## EXERCISE BRIEF:
Exact copy, pictures excluded: the lines from the one containing "Transitional Oyster White" to the end of the listing.
= = = =
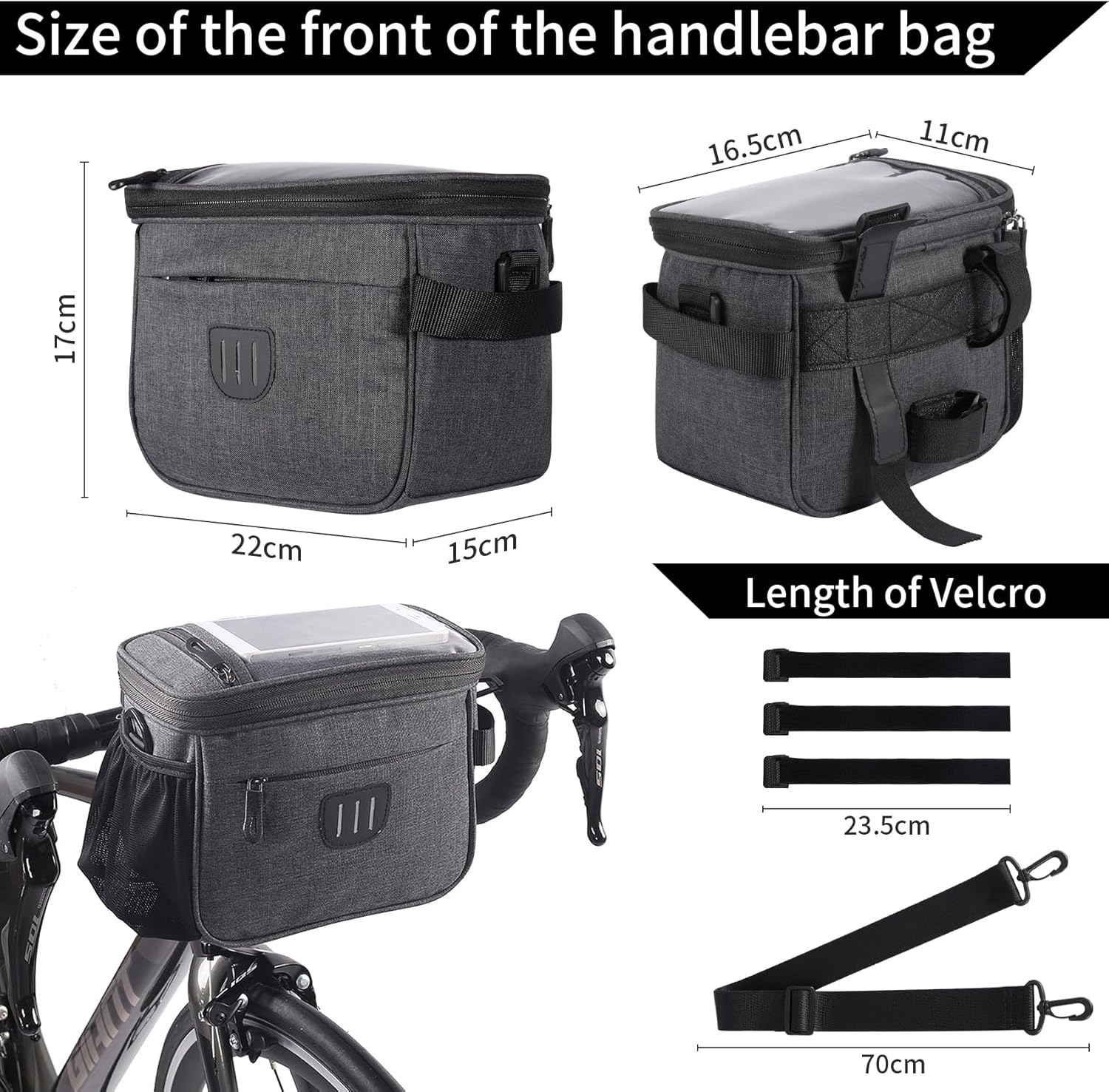 Annhua Bike Handlebar Bag Large Bicycle Front Storage Pouch, Waterproof Bike Phone Holder with Touchscreen and Shoulder Strap for Road MTB Cycling - Gray image number 3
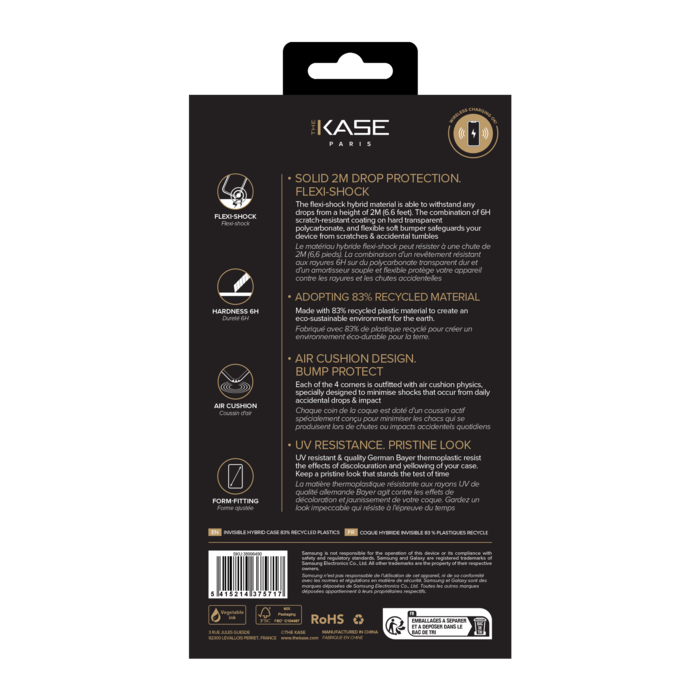 Coque hybride invisible fabriqu&eacute; avec 83% de plastique recycl&eacute; pour Samsung Galaxy S24 Ultra 5G, Transparente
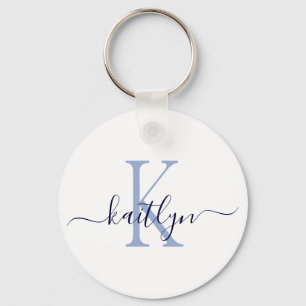 Blue Name Initial Monogram Keychain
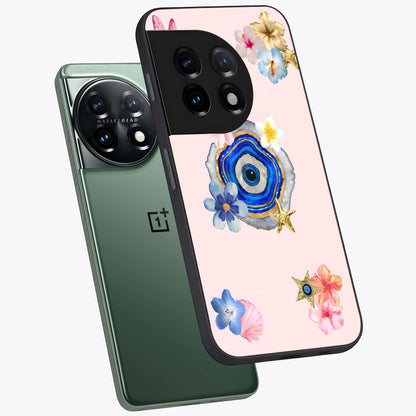 Blossom Evil Charm Glass Case for 1+11 angled mockup showcasing glossy finish and protective charm design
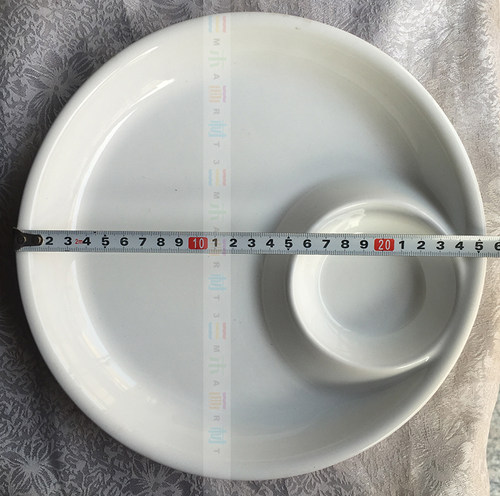 包邮直径25cm双圆陶瓷调色盘 圆盛墨盘陶瓷调色盘 国画调色盘瓷盘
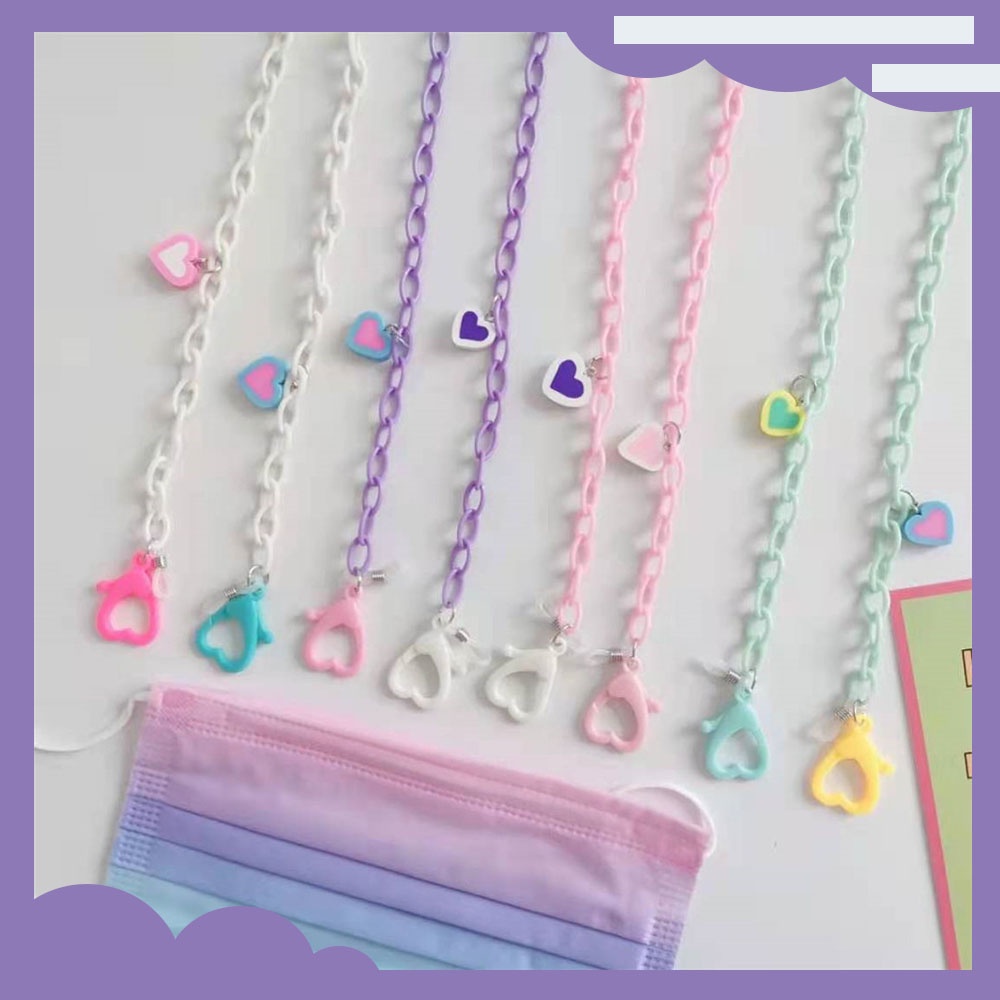 Dây đeo mắt kính chống trượt chống thất lạc trang trí hình trái tim hoạt hình dễ thương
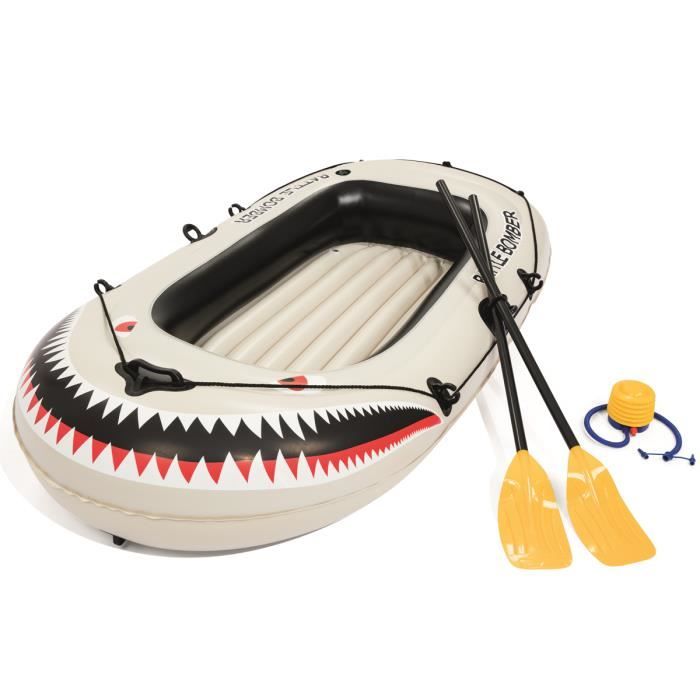 Bateau gonflable BESTWAY BATTLE BOMBERS 2 places 188 x 98 cm poids max : 120 kg Pack complet Pagaies + Pompe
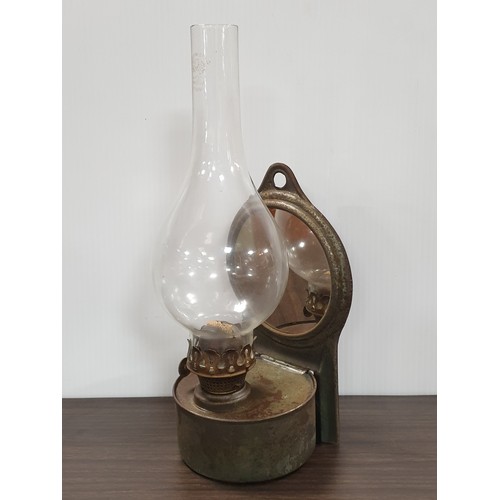 644 - Antique Wall Mounted Oil Lamp with Mirror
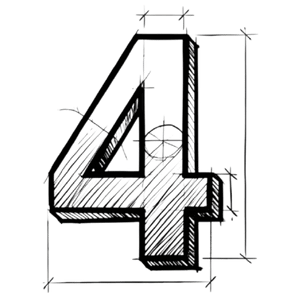 A drawing of the number 4.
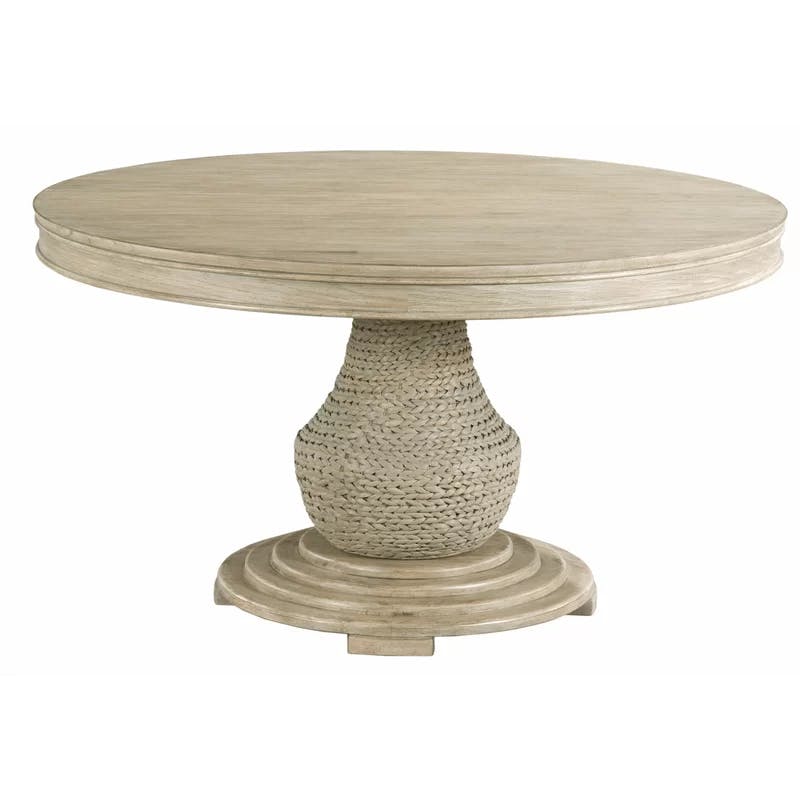 Transitional Oyster White 54" Round Wood Dining Table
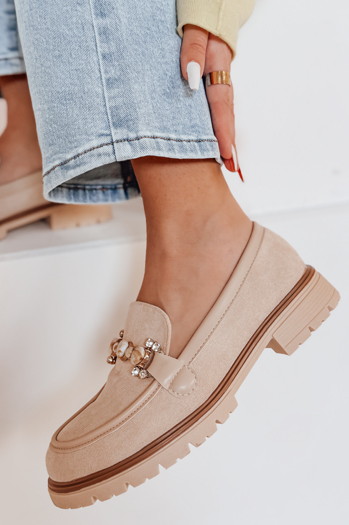 Mokasyny damskie na płaskiej podeszwie LOFINKA beżowe Dstreet ZY0797
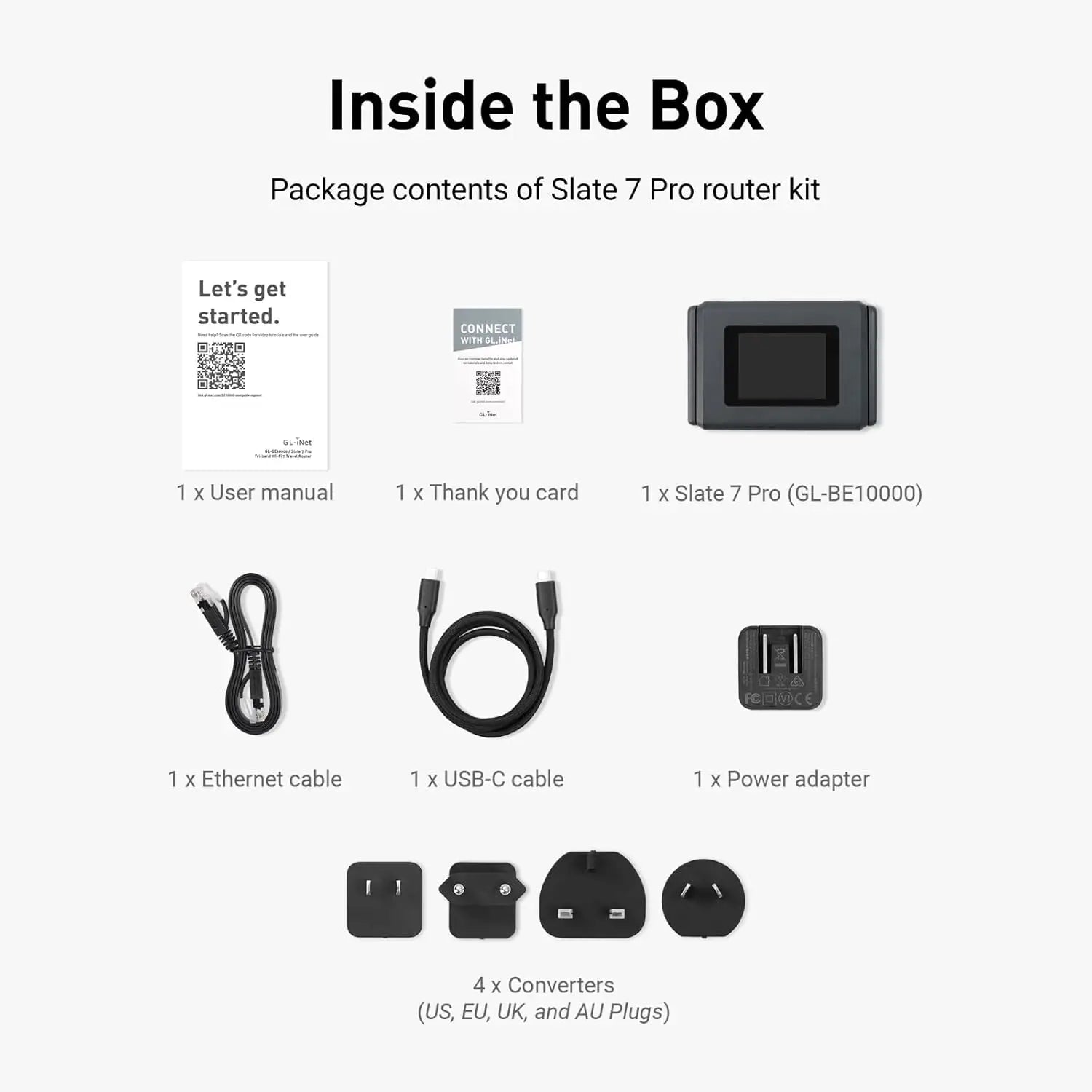 GL.iNet Slate 7 Pro (GL-BE10000) Tri-Band Wi-Fi Travel Router – 6GHz 5.7Gbps MLO 2.8’’ Touchscreen 1.1Gbps WireGuard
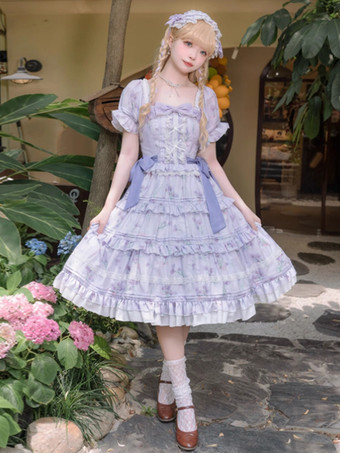 スイートロリータドレスポリエステル半袖ドレスロリータドレスOP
= = = =
## WRITTEN ANSWER:
 Transitional Oyster White 54" Round Wood Dining Table
 Mokasyny damskie na płaskiej podeszwie LOFINKA beżowe Dstreet ZY0797
 GL.iNet Slate 7 Pro (GL-BE10000) Tri-Band Wi-Fi Travel Router – 6GHz 5.7Gbps MLO 2.8’’ Touchscreen 1.1Gbps WireGuard
 スイートロリータドレスポリエステル半袖ドレスロリータドレスOP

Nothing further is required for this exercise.